ALEXANDER BUTTERFIELD vaulted to national prominence last week when he revealed another White House secret. This secret--the fact that Nixon had all of his conversations surreptitiously taped--might never have come out had it not been for a particular question by the investigating staff of the Watergate committee.

Fortunately for those few of us who are interested in knowing the truth, it takes a number of men to deceive and conceal--but only one has to slip for the secret to be revealed. And those who have "slipped" in one way or another have provided the nation with an exciting spectacle over the past few weeks.

Jeb Stuart Magruder was one of the first to testify. He confessed his sins to the committee and then proceeded to offer an astonishing justification for those sins. He was, he said, so frustrated by the spectacle of radical lawbreakers that he felt justified in breaking the law as they had done.

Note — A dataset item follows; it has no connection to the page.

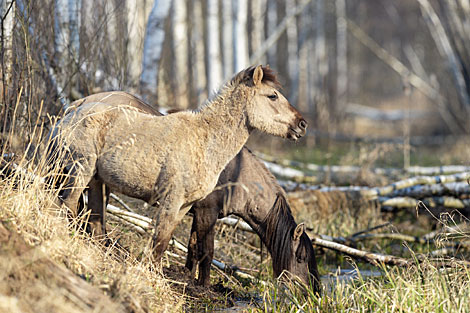 Wild horses of the Konik breed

This explanation is unfounded on two accounts. For one thing, radical lawbreakers such as William Sloane Coffin (cited specifically by Magruder) conducted their illegal activities openly and fearlessly. Their actions were public actions designed to enlighten and awaken the American people--not to deceive and mislead them. More importantly, however, Coffin's lawbreaking was an act of conscience. He--and others--felt morally compelled, by a belief in God or in the value of human life, to disobey the laws of our nation. They put God, or conscience, above country.

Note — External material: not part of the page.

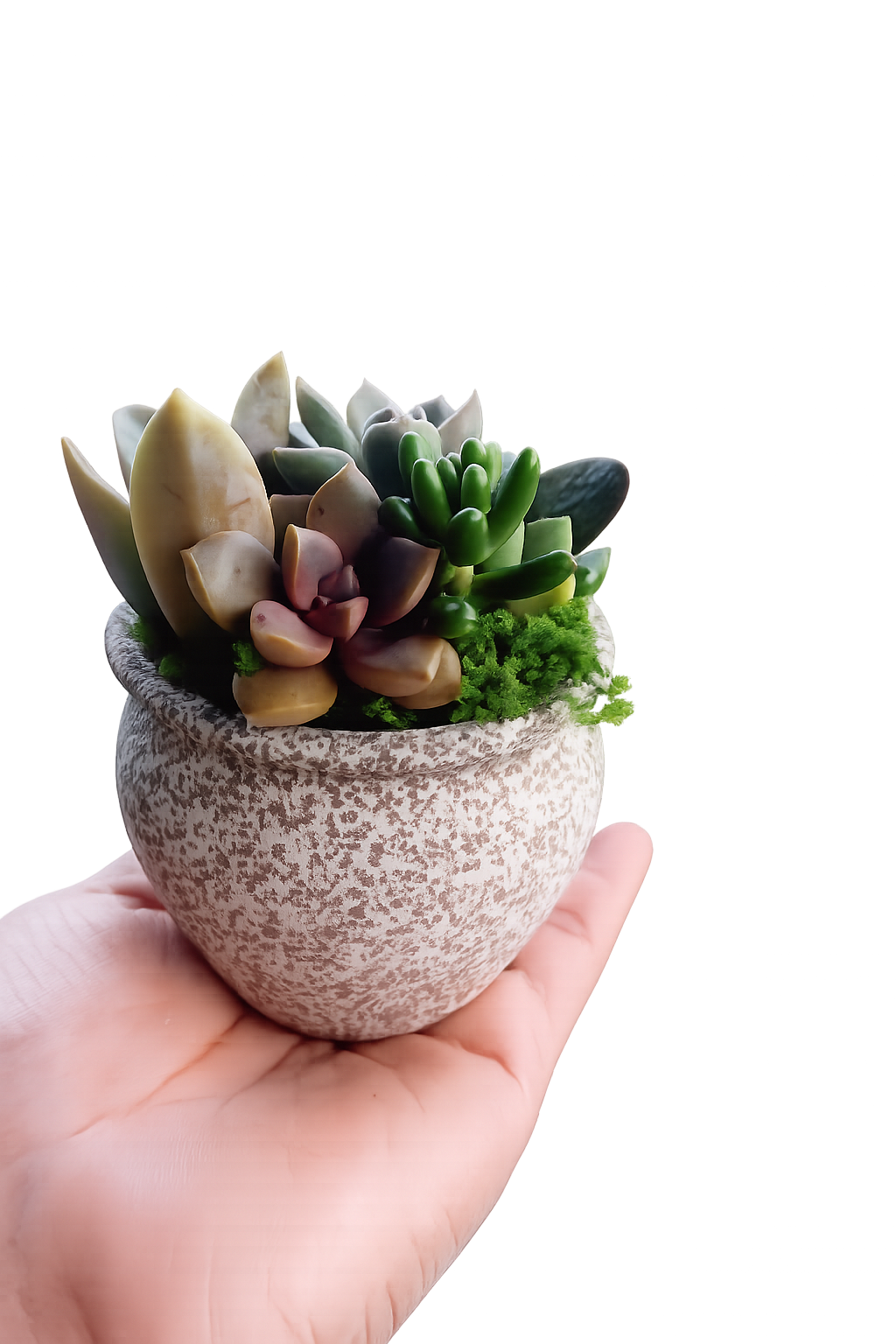 Glazed Ceramic Succulent gift Pots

Jeb Magruder put Richard M. Nixon above country. For Magruder, the re-election of the President was more important than obedience to the laws of the land.

THIS ADORATION of the President was not limited to Magruder alone. John N. Mitchell, testifying in his arrogant splendor, also expounded a doctrine of Nixon worship. Mitchell said that the President would have revealed the facts if he had known them and thus would have ruined his chances for re-election. If one overlooks the fact that both of the assumptions implicit in that statement are shaky ones at best, one sees a statement of a loyalty so lofty that it transcends all laws until it falls back on itself of its own weight, destroying both its bearer and its object.

Mitchell seems fully aware that that is just what is happening to him right now. But he is still unwilling to see that excess in loyalty can be as dangerous as excess almost anywhere else. Hurt at being raked over the coals for a loyalty which he considered a virtue, Mitchell unmistakably played the martyr at the hearings. He left his pipe behind--casting it aside like an enraged Ahab, ready to face the world without the aid of comfort. And he left Martha behind, so he could appear, alone and forlorn, as a man oppressed.

John Dean also took pains to present the right image to the country. He toned down his shock of blond hair and purchased a pair of horn-rimmed glasses to replace his modish unrimmed pair. All this so he could look the part of a responsible, sincere young man.

Such goings-on make it obvious that these men have learned well from a President who uses pancake makeup to cover up his five o'clock shadow. But pancake makeup failed to do the trick in the Watergate affair.